____ Given records

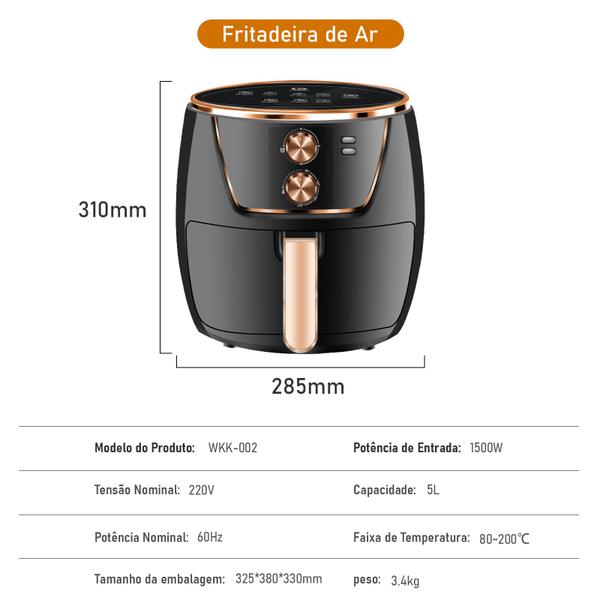 Imagem de COIBEU Fritadeira Elétrica sem Óleo 5L Air Fryer Botão 1500Watts Preto 127V/220V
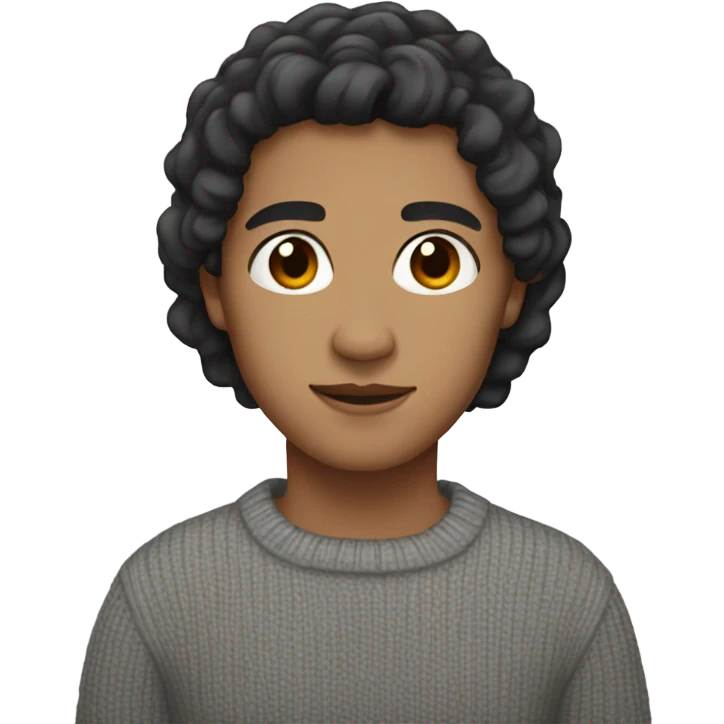 Black hair with dark brown eyes in grey sweater with light brown skin  emoji
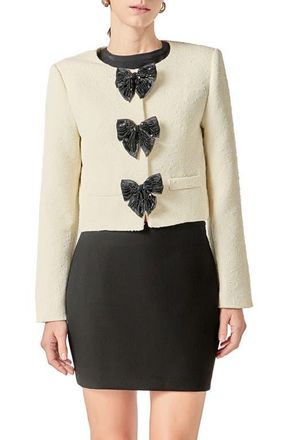 English Factory Sequin Bow Jacquard Crop Jacket in Cream at Nordstrom, Size X-Small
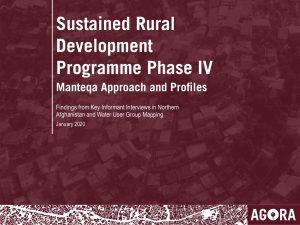 Sustained Rural Development Programme Phase IV: Manteqa Approach and Profiles, August 2019 [Presentation to USAID, January 2020]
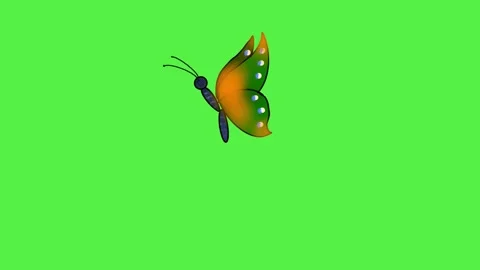 Butterfly colour changing animation, green screen, 4k Stock Footage 288329862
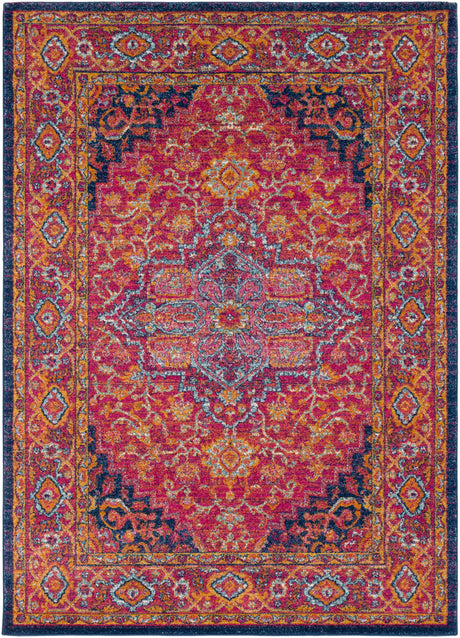 Surya Harput Hap-1009 Burgandy, Navy, Mustard, Burnt Orange, Teal, Ivory Rug.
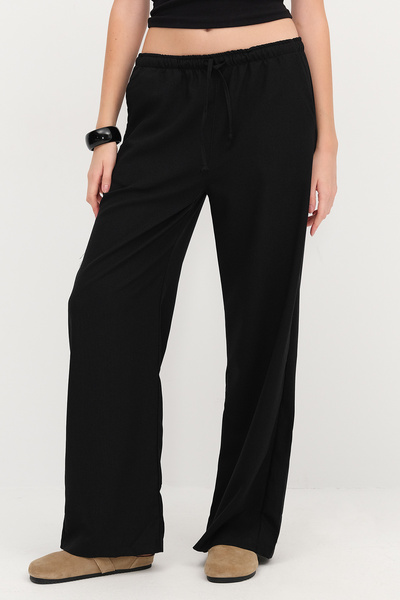 Addax Elastic Waist Wide Leg Trousers Pn3333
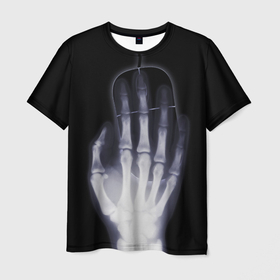 Мужская футболка 3D с принтом X Ray hand в Екатеринбурге, 100% полиэфир | прямой крой, круглый вырез горловины, длина до линии бедер | Тематика изображения на принте: hand | mouse | x ray | мышка | рука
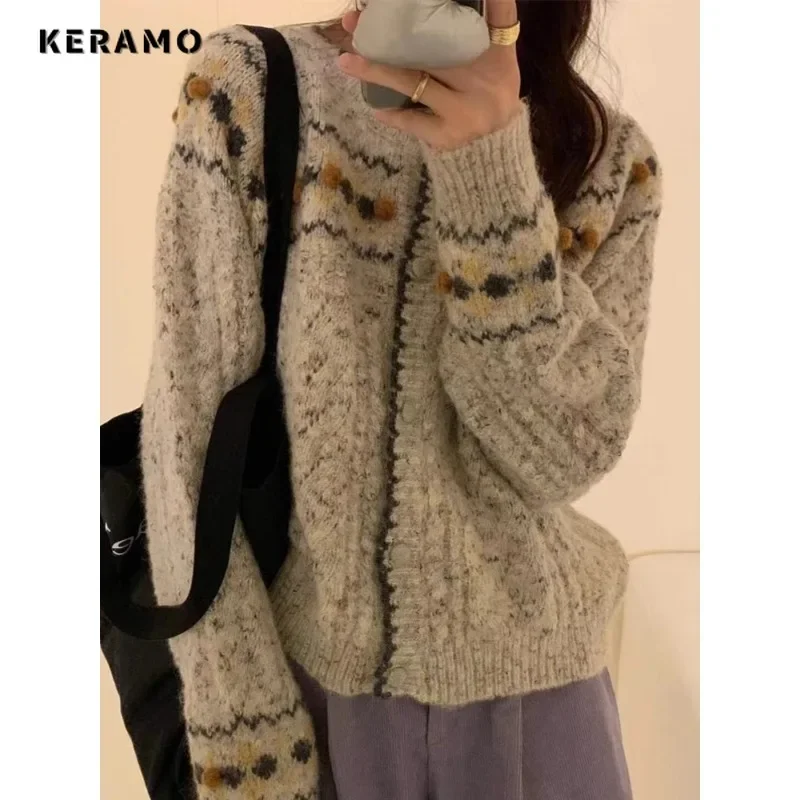 2023 Winter Casual Long Sleeve Office Lady Knitting Cardigans Women\'s Fashion Round Neck Dot Printting Elegant Sweater Top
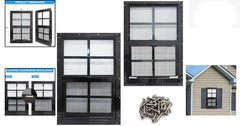 2 Pack Heavy Duty Shed Windows – Black Aluminum Frame with Bug-Resistant Screens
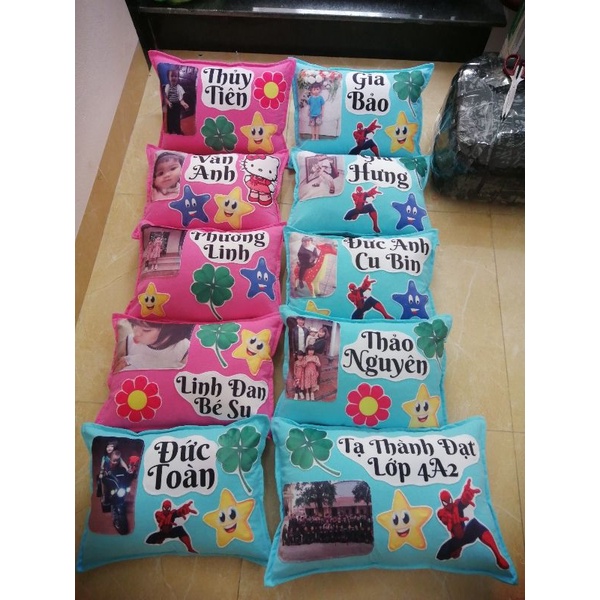 Gối in ảnh theo yêu cầu tên riêng của bé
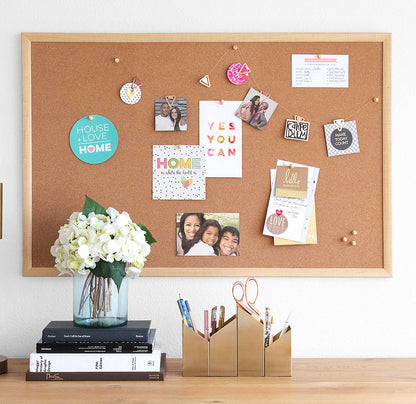 60cm Pinboard Message Bulletin Notice Memo Board Corkboard for Home Office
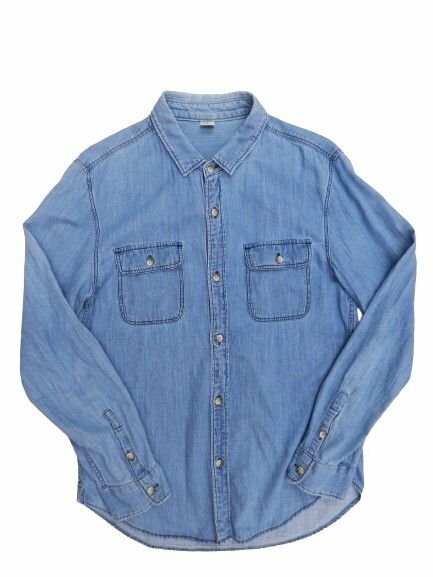 ロンハーマン 日本製 シャンブレーシャツ サイズL デニムシャツ ライトブルー Ron Herman 中古品[C126U677]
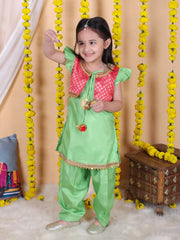 Girls Jacquard attached Jacket Silk Kurti Salwar Suit - Green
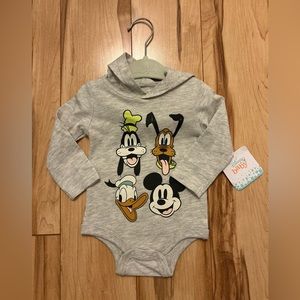 NWT Disney Mickey Mouse & Friends Baby Boy Grey Bodysuit (Size: 3-6 Months)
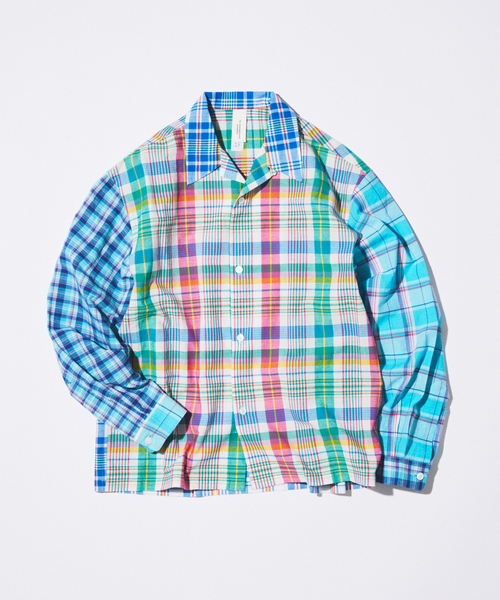 niche.（ニッチ）の「Niche. / ニッチ 別注 マドラスチェック オープンカラー シャツ（シャツ/ブラウス・メンズ・レッド/ネイビー/ブルー・LARGE/MEDIUM）」の2枚目の写真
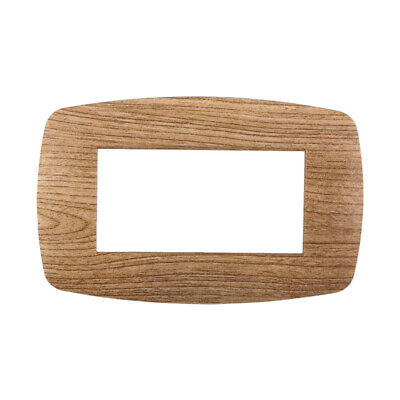ETTROIT Placca Slim Serie Space 4P Colore Legno Scuro Compatibile Con Bticino
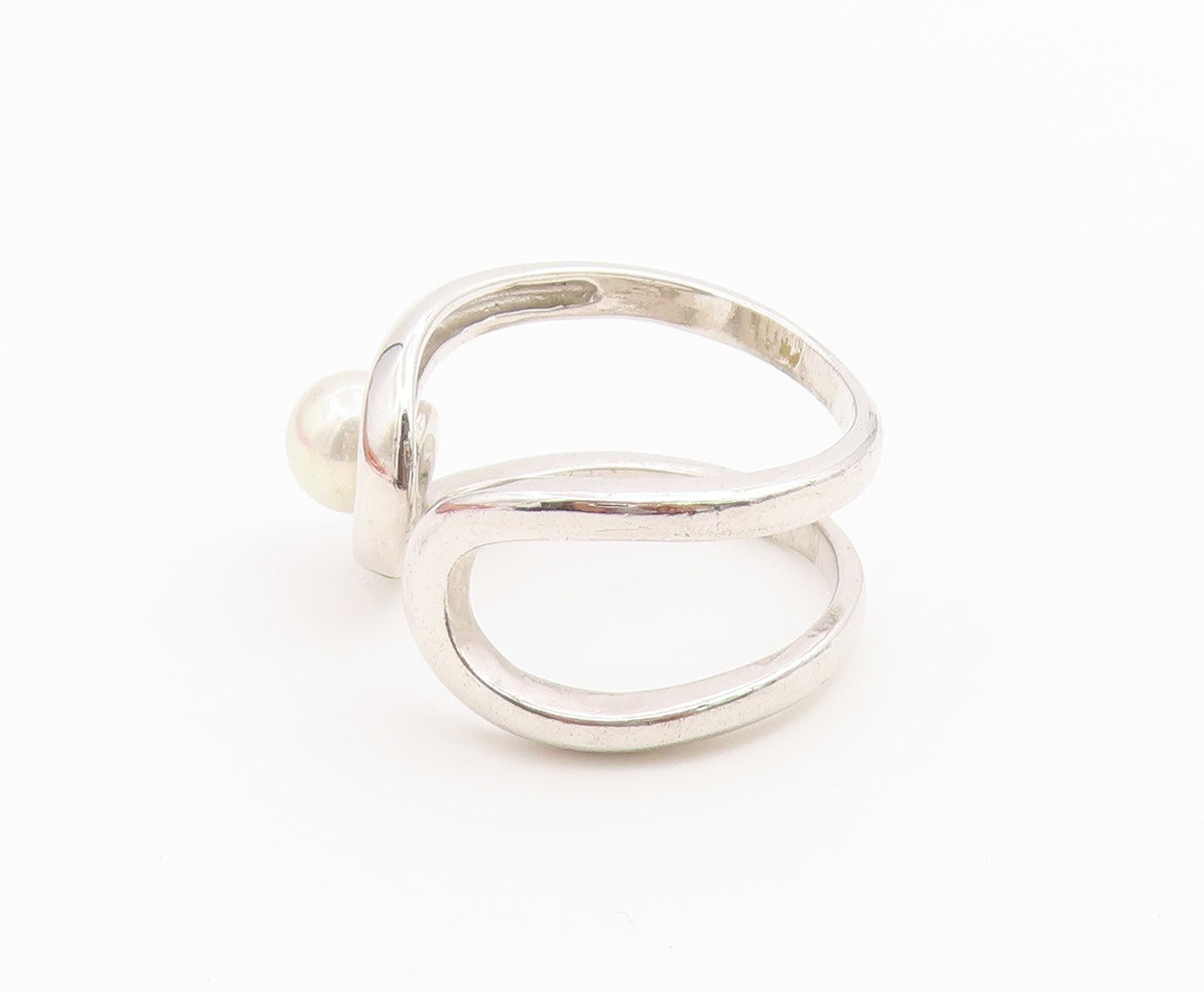 925 Sterling Silver Vintage Ring Abstract Wave Pearl Open Band  Sz 9  RG36678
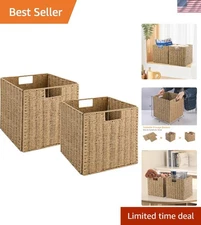 Storage Baskets Set of 2 Hand-Woven Wicker Bins for Shelves Cabinets Foldable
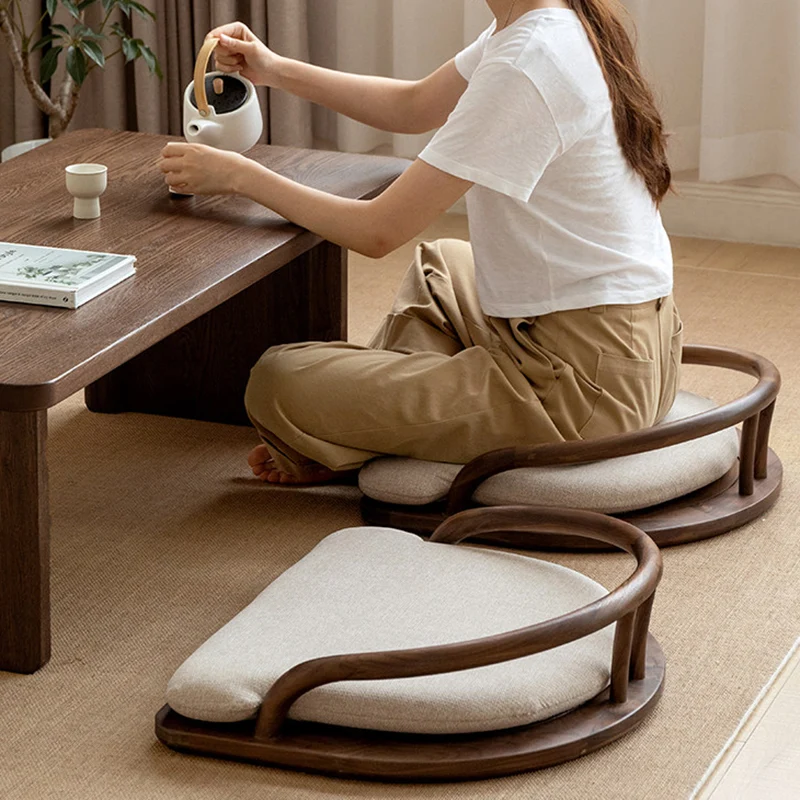 Traditional Chinese Solid Wood Rounded Low Accent Chair With Backrest & Cushioned Seat For Living Room & Bedroom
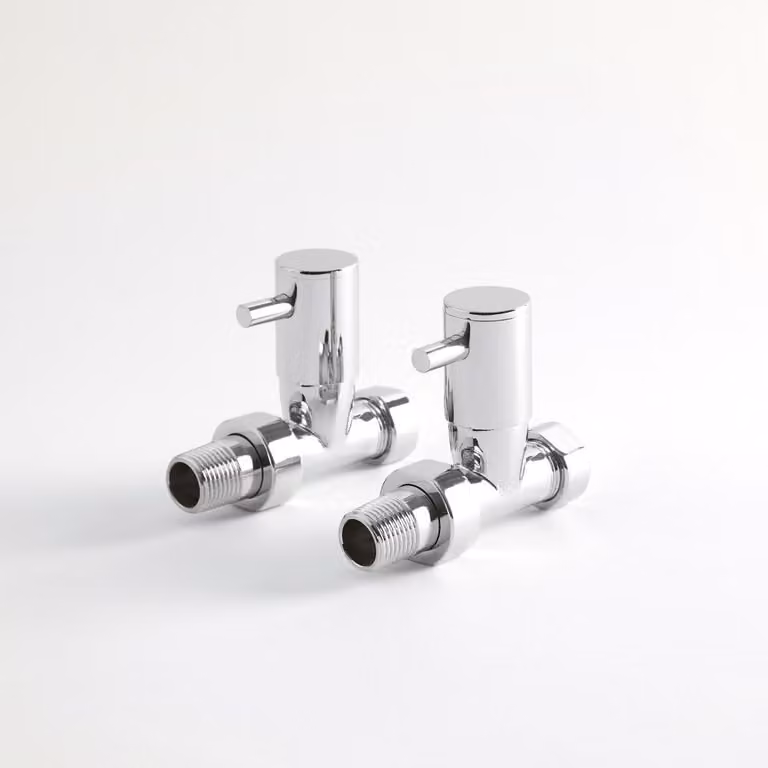 Paio di Valvole Diritte Minimaliste per Radiatore - Cromate - Select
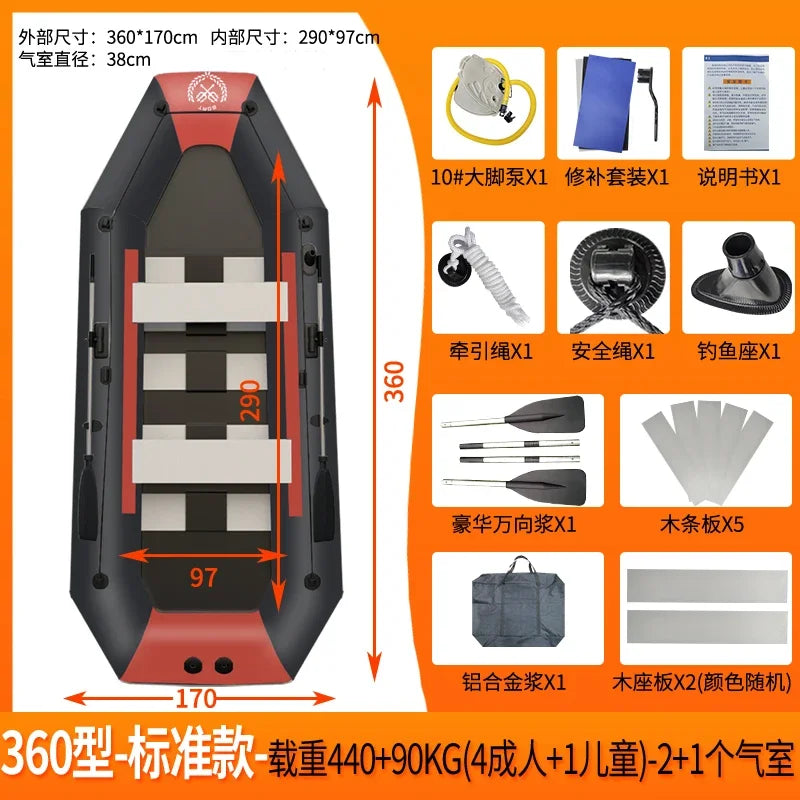 New 1.75~3.6m Inflatable Fishing Boat PVC 0.7mm Thickened Kayak Canoe Boat Sea Drifting Boat Rubber  2~6 People Drifting Boats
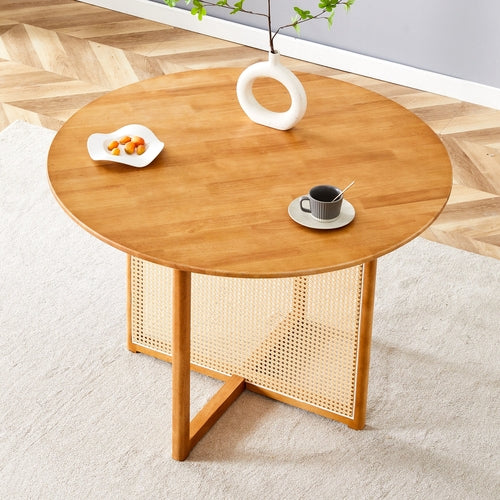 Chinese countryside retro solid wood round table, simple modern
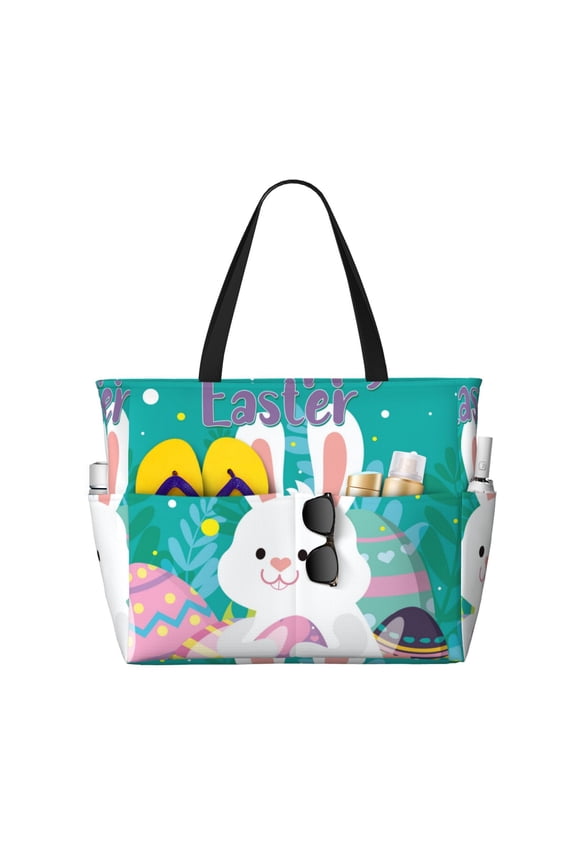 Happy easter Print Large Capacity Beach Travel Bag, Polyester Waterproof Tote Bag with Zipper for Vacation and Daily Use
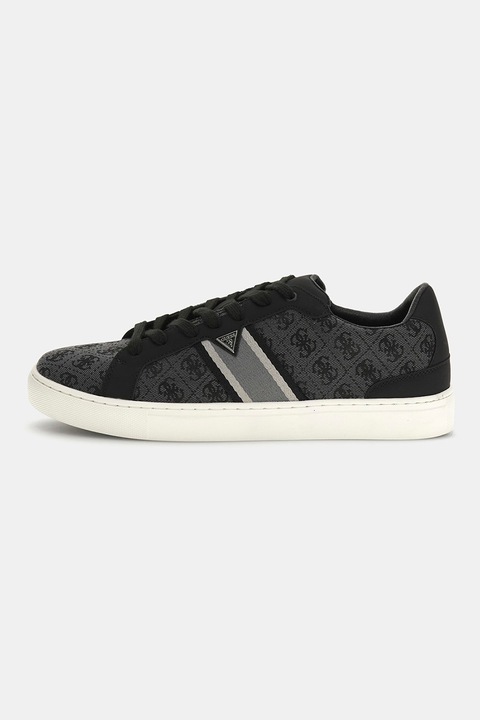 GUESS, Pantofi sport cu garnituri din material textil si model, Negru/Gri antracit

________

__What you are asked to do__: Your answer should consist of the lines above between those holding "Black hair with" and "ETTROIT Placca Slim", inclusive, reproduced word for word and without pictures.

__Written response__:
 Black hair with dark brown eyes in grey sweater with light brown skin  emoji
 English Factory Sequin Bow Jacquard Crop Jacket in Cream at Nordstrom, Size X-Small
 Sustained Rural Development Programme Phase IV: Manteqa Approach and Profiles, August 2019 [Presentation to USAID, January 2020]
 Butterfly colour changing animation, green screen, 4k Stock Footage 288329862
 Surya Harput Hap-1009 Burgandy, Navy, Mustard, Burnt Orange, Teal, Ivory Rug.
 Addax Elastic Waist Wide Leg Trousers Pn3333
 Мужская футболка 3D с принтом X Ray hand в Екатеринбурге, 100% полиэфир | прямой крой, круглый вырез горловины, длина до линии бедер | Тематика изображения на принте: hand | mouse | x ray | мышка | рука
 2023 Winter Casual Long Sleeve Office Lady Knitting Cardigans Women\'s Fashion Round Neck Dot Printting Elegant Sweater Top
 2 Pack Heavy Duty Shed Windows – Black Aluminum Frame with Bug-Resistant Screens
 Gối in ảnh theo yêu cầu tên riêng của bé
 60cm Pinboard Message Bulletin Notice Memo Board Corkboard for Home Office
 ロンハーマン 日本製 シャンブレーシャツ サイズL デニムシャツ ライトブルー Ron Herman 中古品[C126U677]
 Girls Jacquard attached Jacket Silk Kurti Salwar Suit - Green
 NWT Disney Mickey Mouse & Friends Baby Boy Grey Bodysuit (Size: 3-6 Months)
 niche.（ニッチ）の「Niche. / ニッチ 別注 マドラスチェック オープンカラー シャツ（シャツ/ブラウス・メンズ・レッド/ネイビー/ブルー・LARGE/MEDIUM）」の2枚目の写真
ETTROIT Placca Slim Serie Space 4P Colore Legno Scuro Compatibile Con Bticino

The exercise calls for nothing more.